■ **TASK**: Print each line exactly, from the one with "Neon Nights Fleece" to the very last line of the listing, and keep the pictures out.
---+---
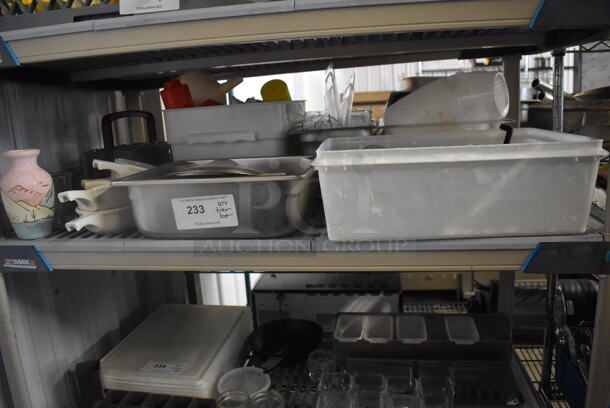ALL ONE MONEY! Lot of Ketchup and Mustard Squeeze Bottles, Steel Steam Table Pans, Glass Hottles, AND MORE!  - Image 1 of 6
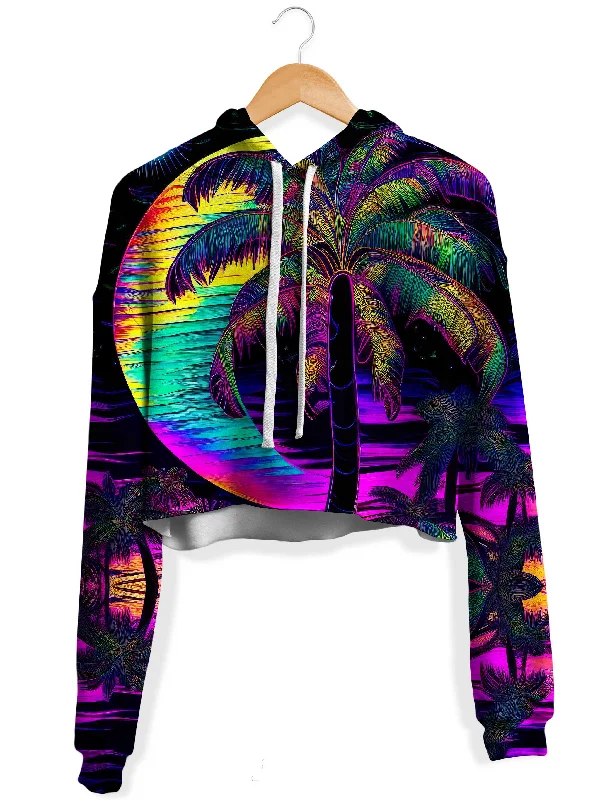 Neon Nights Fleece Crop Hoodie Hoodie with Applique Textured Unique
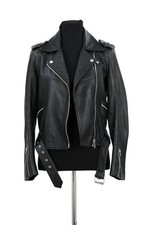Veste en cuir noire Claudie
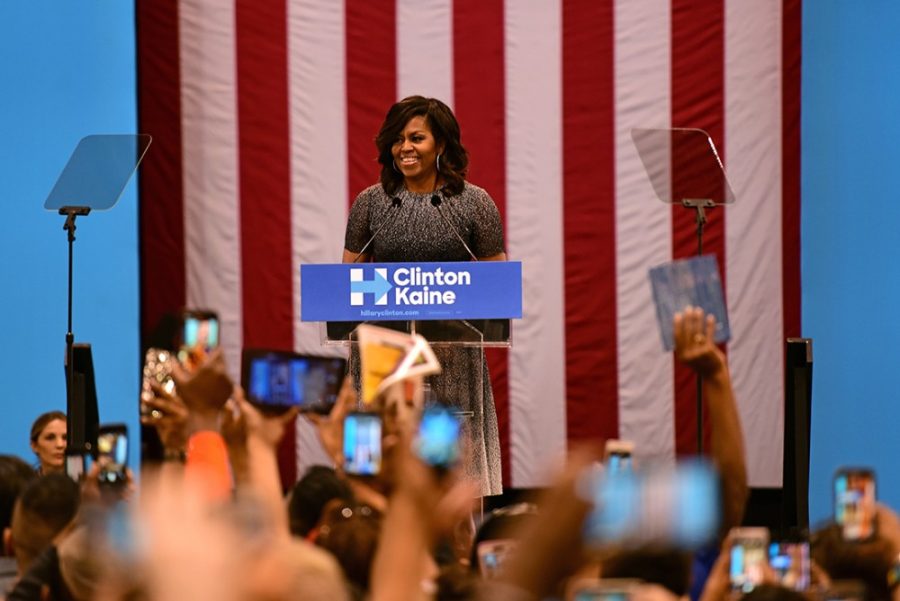 First Lady Michelle Obama greets an excited crowd at the Phoenix Convention Center in Phoenix, Ariz. on Thursday, Oct. 20, 2016. (Photo by Rebecca Noble / Arizona Sonora News)
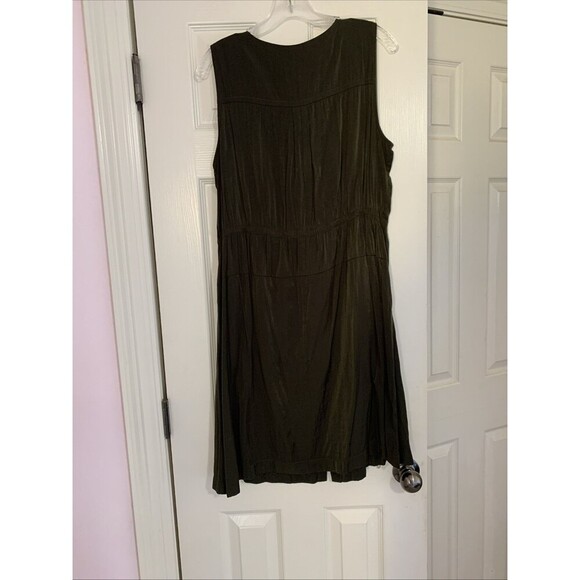 Ann Taylor Size 14 Woodland Green Satin Drawstring Side Tie Shirt Dress … - Picture 10 of 10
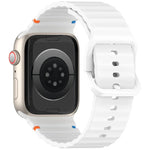 Wavy Grain Stitched Silicone Watch Band, For Apple Watch SE 2022 40mm, For Apple Watch SE 2022 44mm, For Apple Watch Series 7 41mm, For Apple Watch Series 7 45mm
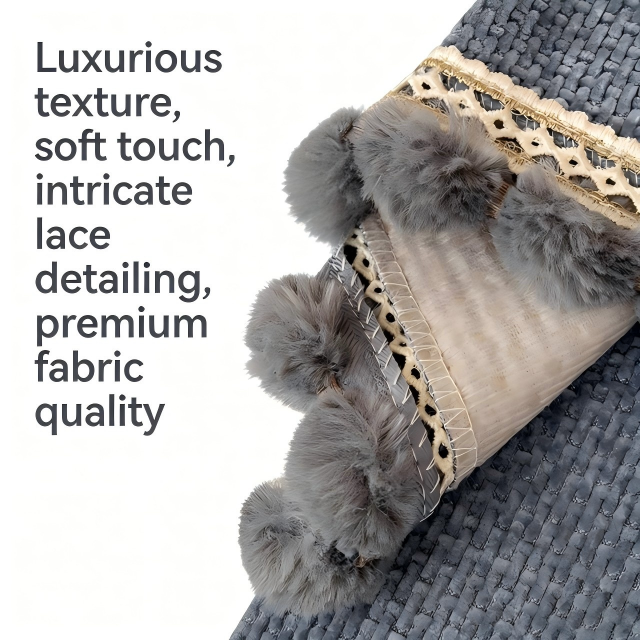 Chenille Cream Hairball Edge Sofa Cover Solid Color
---+---
■ **OUTPUT FOR THIS TASK**:
 Neon Nights Fleece Crop Hoodie Hoodie with Applique Textured Unique
Veste en cuir noire Claudie
 First Lady Michelle Obama greets an excited crowd at the Phoenix Convention Center in Phoenix, Ariz. on Thursday, Oct. 20, 2016. (Photo by Rebecca Noble / Arizona Sonora News)
 Ann Taylor Size 14 Woodland Green Satin Drawstring Side Tie Shirt Dress … - Picture 10 of 10
 Wavy Grain Stitched Silicone Watch Band, For Apple Watch SE 2022 40mm, For Apple Watch SE 2022 44mm, For Apple Watch Series 7 41mm, For Apple Watch Series 7 45mm
 Chenille Cream Hairball Edge Sofa Cover Solid Color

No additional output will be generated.